Computing the Laplacian: Since convolution with a large weighting function requires a large amount of computation, the Laplacian of Gaussian (LoG) of Gaussian, as shown in Figures 3D to 3F, Can be simply approximated by a Difference of Gaussian (DoG). The image scale of level (l + 1) is reduced to half scale of level 1 in Gaussian pyramid, and DoG can be approximated with LoG with high accuracy. Figures 3c and 3f compare the similarity of LoG and DoG. Because the backward calculation of a gradient requires solving the Poisson equation, it is computationally intensive, and unwanted artifacts can be caused by unintegrated gradient fields. Conversely, the forward and backward computation of Laplacian using DoG is very efficient for subtraction and summation operations, and the Laplacian pyramid has excellent potential for patch-based image synthesis. For this reason, the present invention does not require the additional computational expense to be computed in existing patch-based synthesis methods, such as solving the Poisson equation.

2. Patch-based synthesis of a laplacian pyramid (Laplacian pyramid)

The choice of the pyramid kernel operator is critical to the information that leads to the image. The Gaussian operator is effective in determining the basic structure at each level of frequency. This operator is often used in many image optimization algorithms to achieve spatial consistency in searching correspondences and aggregating similarities proposed in various existing algorithms. Contrary to Gaussian, the Gradient and Laplacian operators can find the edge structure of each level of an image. The pyramid element of the derivative is preserved in the local domain in the spatial domain of the gradient or Laplacian. Differential image pyramids are decomposed into edge localization at each level of frequency.

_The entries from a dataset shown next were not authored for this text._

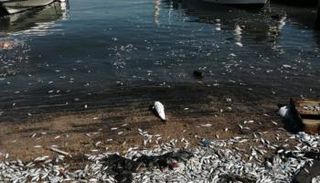 أسماك نافقة في صيدا اللبنانية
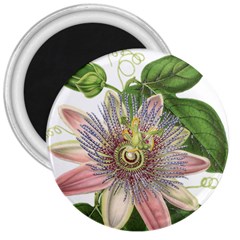 Passion Flower Flower Plant Blossom 3  Magnets by Nexatart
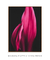 Quadro Decorativo Folhagens 09 - comprar online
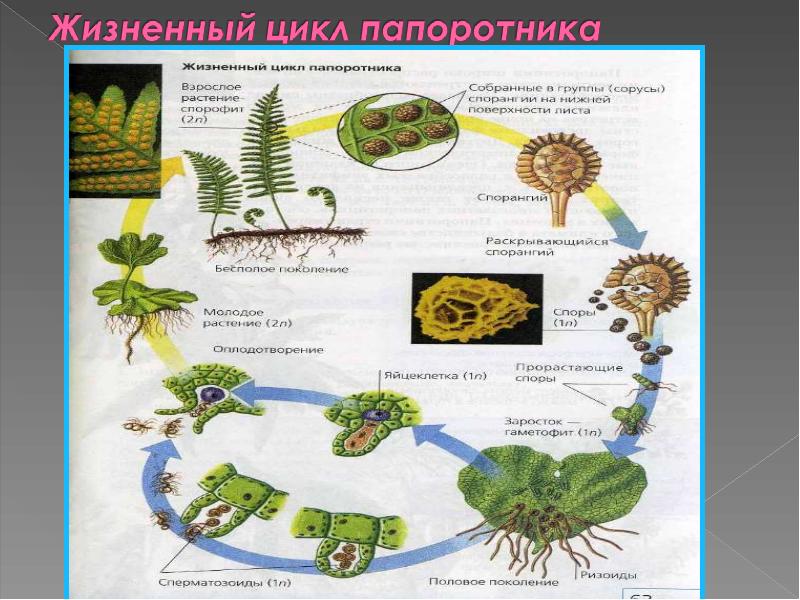 Жизненный цикл папоротника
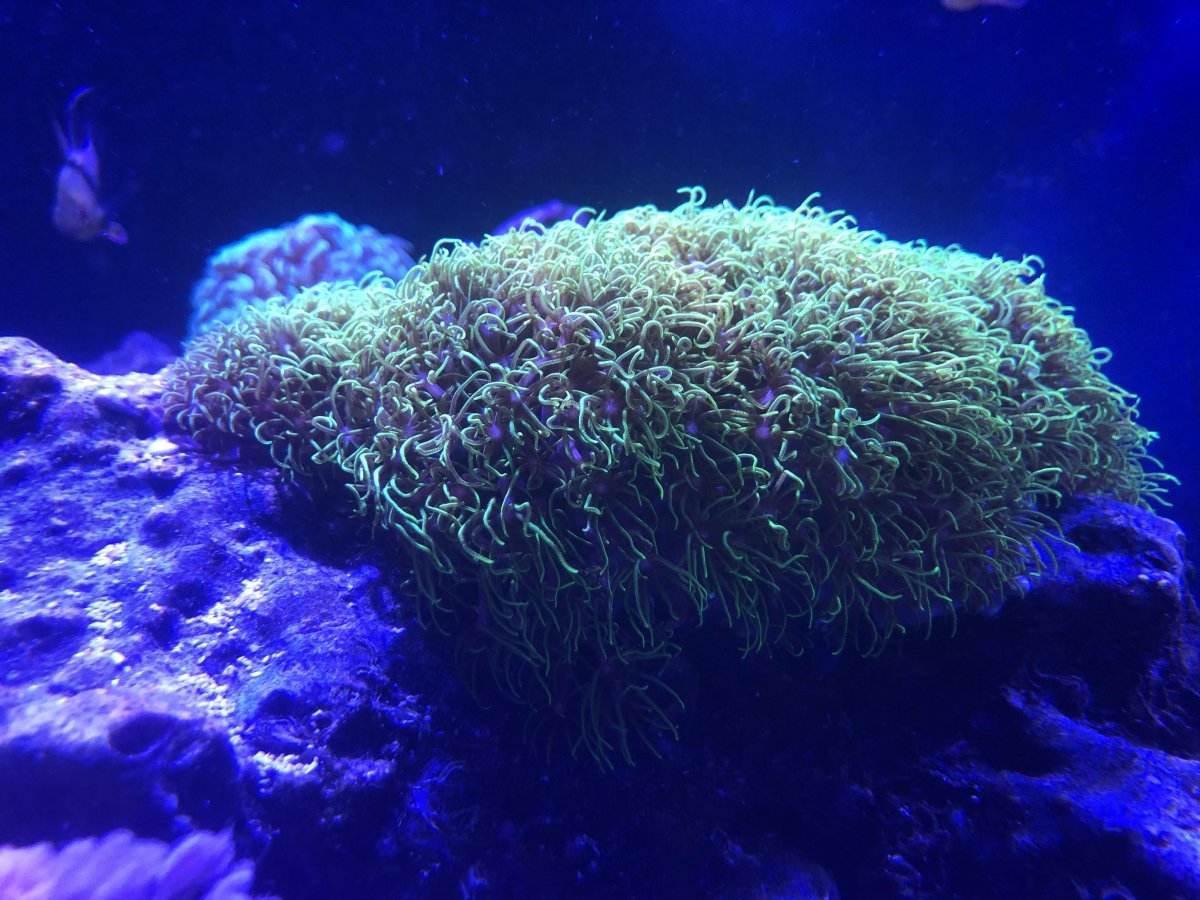 Please help, GSP all closed up | Reef2Reef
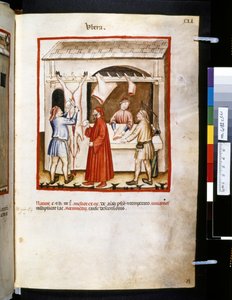 Theatrum sanitatis di Ububchasym de Baldach: 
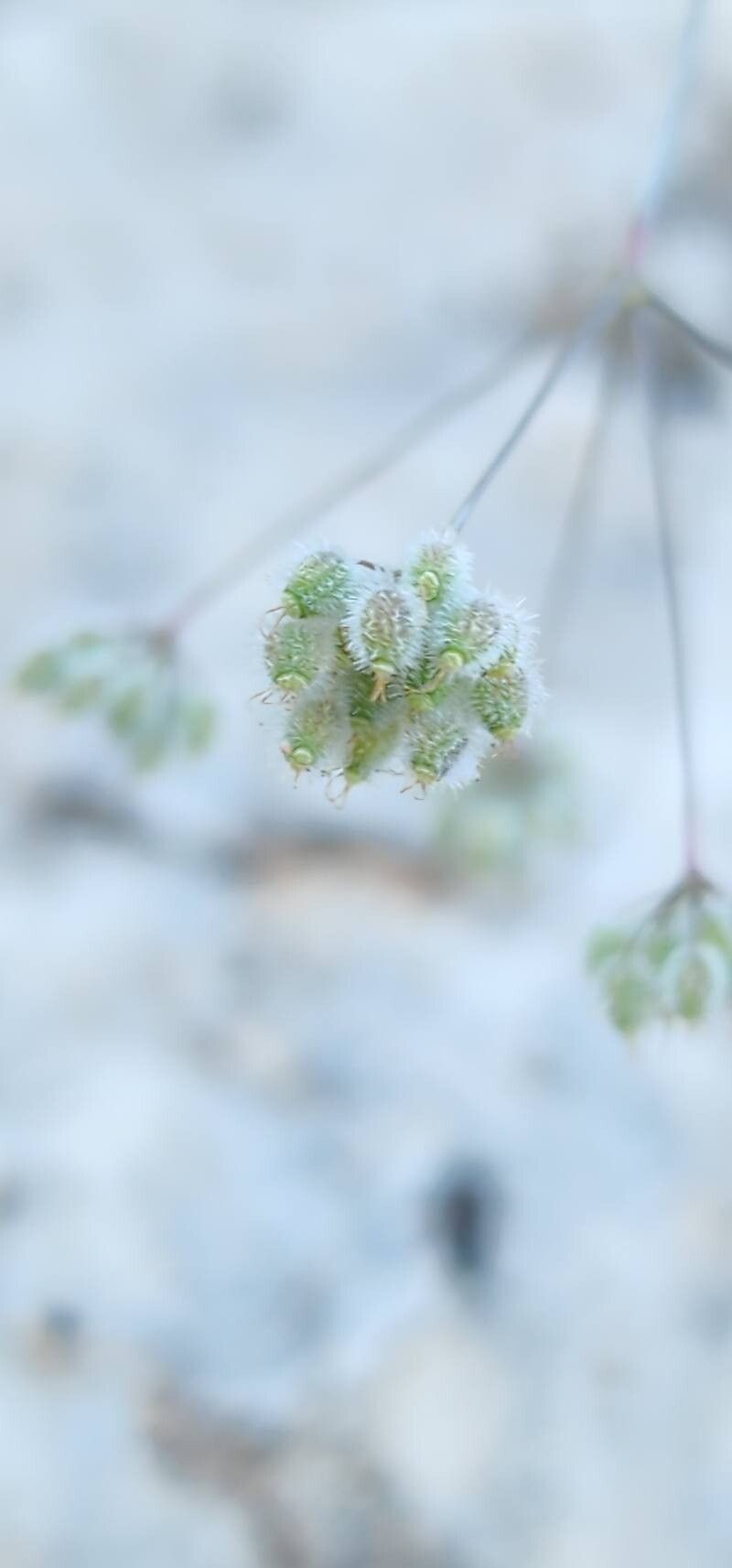 Pimpinella barbata fruit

Recently, in conventional methods, there has been introduced a corresponding point search (or search) for checking colors and gradients in an image pyramid. The first differential inspection is very beneficial in detecting the correspondence points of structural consistency in image comple- tion. The present invention differs from the conventional method in two points, namely, the corresponding point and the rotation invariance.

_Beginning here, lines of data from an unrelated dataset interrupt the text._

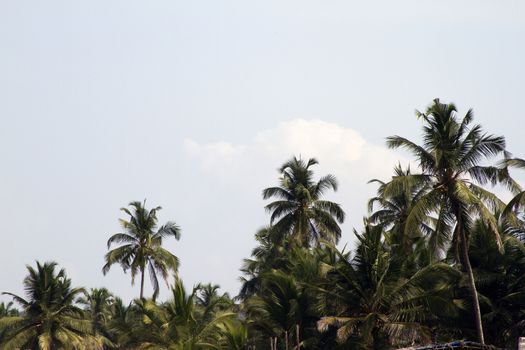 Coconut palm trees against the sky. GOA India beach. Branches of coconut palms under blue sky.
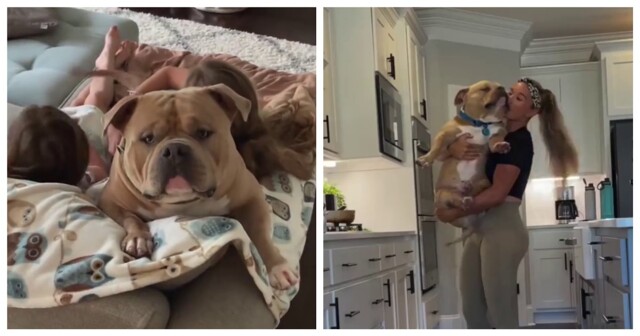 Самый счастливый пёс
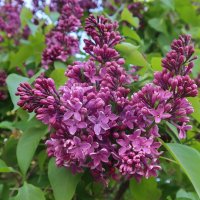 Сирень :: Дмитрий И_ Сирень :: Дмитрий И_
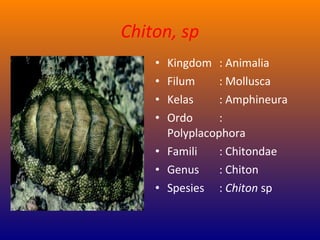 Chiton, sp
• Kingdom : Animalia
• Filum : Mollusca
• Kelas : Amphineura
• Ordo :
Polyplacophora
• Famili : Chitondae
• Genus : Chiton
• Spesies : Chiton sp
 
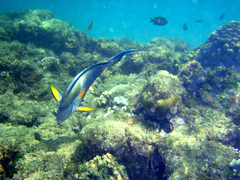 Acanthurus sohal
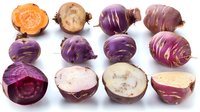 Fresh cut kohlrabi bulbs showing vibrant purple and orange flesh varieties arranged in rows on white background, displaying inner texture and natural patterns.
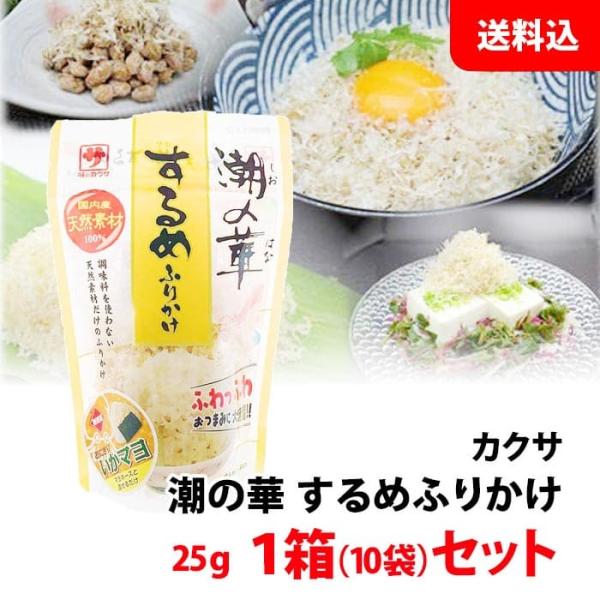 【国内産天然素材】 潮の華 するめ ふりかけ 1箱(10袋) まとめ買い 送料無料 ふわふわ たこ焼 お好み焼き トッピング 国内天然素材 チャック付 カクサ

Building a Laplacian Pyramid: The input to the example-based image completion is the color image I and the mask image M. Here, the mask image M separates the source region S and the target region T from each other. The purpose of the example-based image compilation is to fill the target area T of the image I with the contents of the source area S. In order to use a Laplacian pyramid for painting in an image, the present invention first constructs a Gaussian pyramid G for an image I as: < EMI ID = 1.0 >

[Equation 1]

Here, G _i means the i th Gaussian pyramid image (or the i th scale of the Gaussian pyramid G), the number of images (or the total number of scales) of the Gaussian pyramid is n + 1 and the down sample (blurred ) &Lt; / RTI &gt; image (or a filtered scale). The finest level in the Gaussian pyramid is G ₀ , the same as the original image I. The i-th Gaussian scale G _{i +1} can be obtained by performing Gaussian filtering and partial sampling on the previous scale G _i .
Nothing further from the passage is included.